In [31]:
import torch

if torch.backends.mps.is_available():
    mps_device = torch.device("mps")
    x = torch.ones(1, device = mps_device)
    print(x)
else:
    print("MPS device not found")

tensor([1.], device='mps:0')


In [32]:
import timeit

import random

x = torch.ones(500000000, device='mps')
timeit.timeit(lambda:x * random.randint(0, 100), number=1)

0.00038287509232759476

In [33]:
x = torch.ones(50000000, device="cpu")
timeit.timeit(lambda:x * random.randint(0,100), number = 1)

0.019521832931786776

There definitely is a time difference, but the source I am comparing this to had 0.0003982 and 0.0112392, so overall the numbers I am seeing are off by a bit.


In [34]:
from time import process_time
import torch

def testgpu():
    if torch.backends.mps.is_available():
        mps_device = torch.device("mps")
    t0 = process_time()
    x = torch.ones(n1, device=mps_device)
    y = x + torch.rand(n1, device=mps_device)
    t1 = process_time()
    print(f"Total time with gpu ({n1}): {t1-t0}")
    t0 = process_time()
    x = torch.ones(n2, device=mps_device)
    y = x + torch.rand(n2, device=mps_device)
    t1 = process_time()
    print(f"Total time with gpu ({n2}): {t1-t0}")

def testcpu():
    t0 = process_time()
    x = torch.ones(n1)
    y = x + torch.rand(n1)
    t1 = process_time()
    print(f"Total time with cpu ({n1}): {t1-t0}")
    t0 = process_time()
    x = torch.ones(n2)
    y = x + torch.rand(n2)
    t1 = process_time()
    print(f"Total time with cpu ({n2}): {t1-t0}")

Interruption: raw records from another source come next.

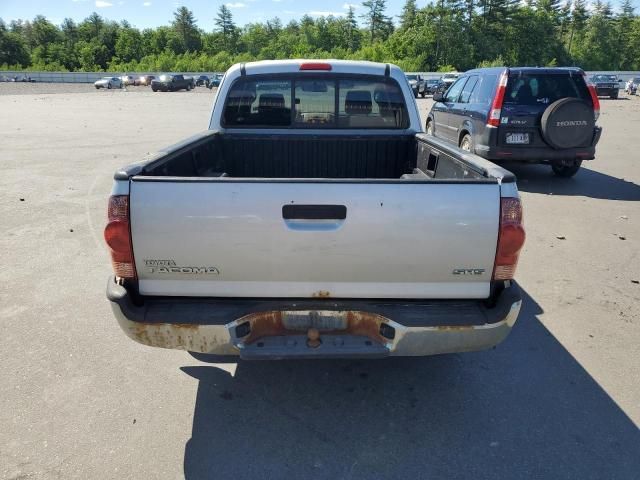 2005 Toyota Tacoma Access Cab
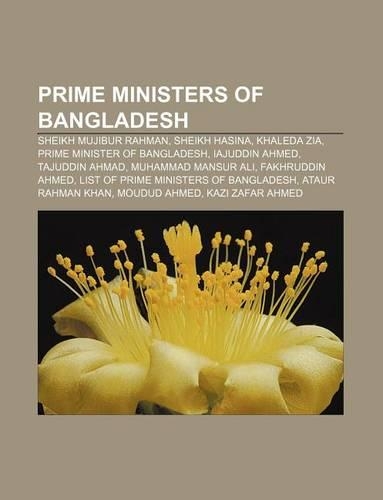 Prime Ministers of Bangladesh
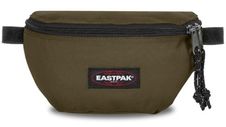 EASTPAK Springer - Sac banane - Brown auth leather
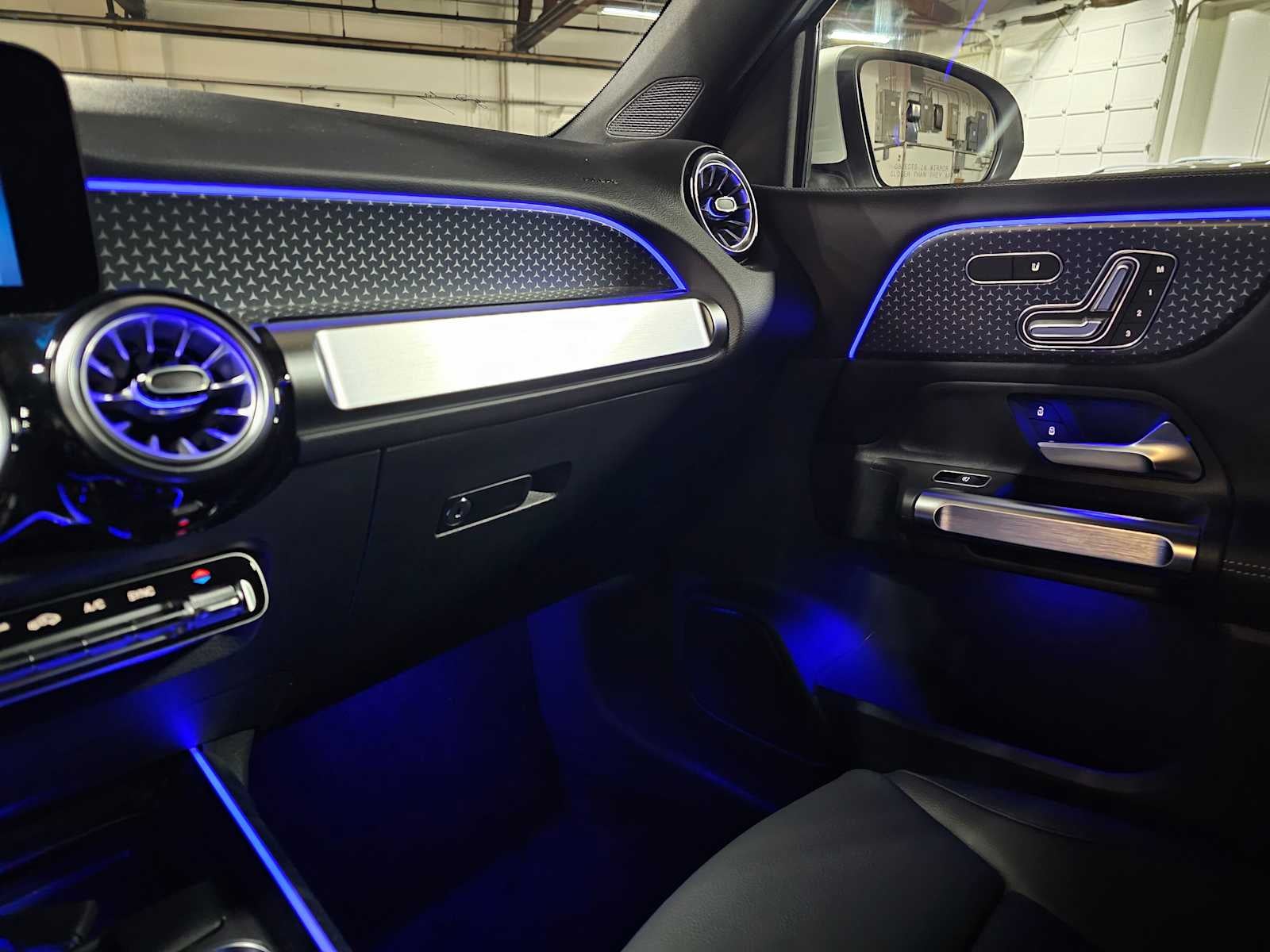 2026 Mercedes-Benz GLB 250 4MATIC® SUV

if __name__ == '__main__':
    n1 = 10000
    n2 = 100000000
    testcpu()
    testgpu()

Total time with cpu (10000): 0.0005199999999998539
Total time with cpu (100000000): 0.7512539999999994
Total time with gpu (10000): 0.0005629999999996471
Total time with gpu (100000000): 0.0002760000000012752


In [35]:
import argparse
import os
from pathlib import Path
from timeit import default_timer as timer

import torch
import torchvision
import torchvision.transforms.v2 as transforms # use v2 transforms for faster augmentations
import pandas as pd

from torch import nn
from torch.utils.data import DataLoader
from torchvision import datasets
from tqdm.auto import tqdm



As this was a command line function, need some modifications to make it work in a notebook.
See: https://stackoverflow.com/questions/48796169/how-to-fix-ipykernel-launcher-py-error-unrecognized-arguments-in-jupyter

In [36]:
print(torchvision.__version__)

0.15.2a0


Latest version of torchvision is 0.17, but I can't convince conda to install that...
https://pytorch.org/vision/0.15/transforms.html#transforms-scriptability

In [37]:
    # Create DataLoaders
    def create_dataloaders(batch_size, num_workers=NUM_WORKERS):
        train_dataloader = DataLoader(train_data,
                                      batch_size=batch_size,
                                      shuffle=True,
                                      num_workers=num_workers,
                                      pin_memory=False) # note: if you pin memory, you may get "too many workers" errors when recreating DataLoaders, see: https://github.com/Lightning-AI/pytorch-lightning/issues/18487#issuecomment-1740244601

        test_dataloader = DataLoader(test_data,
                                     batch_size=batch_size,
                                     shuffle=False,
                                     num_workers=num_workers,
                                     pin_memory=False)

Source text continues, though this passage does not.